Contract Tracers Working Behind The Scenes

Written by: The Griffith Phoenix

Contact Tracing

Contact tracers work tirelessly behind the scenes in the fight against COVID-19.

Seven days a week, from 8.30 am until 10 pm, contract tracers interview people diagnosed with COVID-19 to determine when they were likely to be infectious and where they were during that time.

Based across the state, these contact tracers are under pressure to contact each case within 24 hours of their diagnosis. Their approach is rigorous, but it doesn’t always identify all exposure sites at once. Even when the exposure sites are discovered, there are sound reasons underpinning why those sites are not always made public.

Sometimes people with the virus are very unwell, they may be sleeping or their phone may be flat, so the contact tracers aren’t able to speak with them immediately.
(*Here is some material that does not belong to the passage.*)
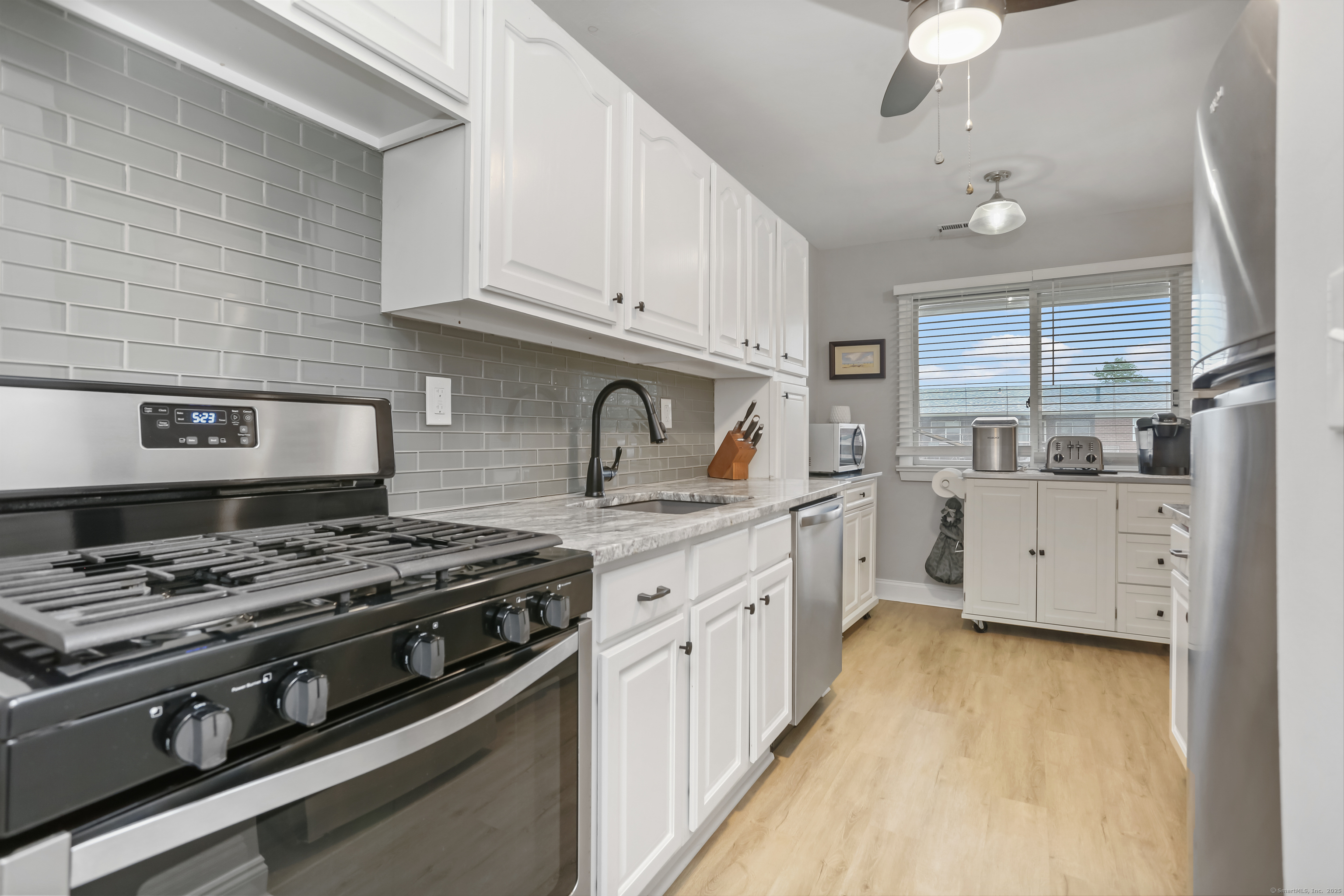 Property Photo: 87 East Broadway D CT 06460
If the phone number or address is incorrect and the tracers aren’t able to connect with the people, police are called in to make contact.

Once contact is established, a tracer’s immediate priority is to determine when they may have been contagious and exposed others in the community to the virus. They generally work on the basis of people being contagious for two days prior to the onset of symptoms, or if they’re asymptomatic, two days prior to their swab being taken. They look back three days before symptoms start for people in high-risk settings, such as hospitals or aged care facilities.

Tracers may find there was a week’s delay between people having had mild symptoms, which they mistook for hay fever, and getting tested. This impacts how quickly exposure sites can be announced.

Sometimes it is hard to remember what happened a week ago, but tracers help support the affected person to remember. QR codes are invaluable when people have appropriately checked in. Sometimes tracers also need to ask to look through bank transactions and loyalty reward card records to access specific dates and times they were in public places, allowing their detective work to dive deeper, potentially trawling through CCTV footage, requesting rosters from employers or information from appointment books. When someone has paid with cash and remembers the amount but not the exact time or date, tracers might call the business and ask them to search through sales transactions to find a match.

As soon as they are confident they know the venue, date and time, they share the information with the public. The only exception to making a venue public would be when they know they have been in contact with everyone who was at the venue who may have been at risk. As soon as they are aware of an exposure site that puts the public at risk, they send it to Sydney to be loaded onto the NSW Health COVID-19 case locations web page.

Murrumbidgee Local Health District director of Public Health, Tracey Oakman, said the contact tracing team was working under significant pressure to gain accurate information and protect their communities. They also felt the emotional impact of working with people who are processing a confronting diagnosis.

Ms Oakman says it’s important to remember that everyone working in contact tracing is local to a community that they care about, and conspiracy theories suggesting information is withheld are damaging and untrue.

“It is our interest to make sure our community is safe, so our mothers, fathers, daughters and sons don’t get infected. We are part of the community too, and none of us would benefit from withholding information if there was a risk.”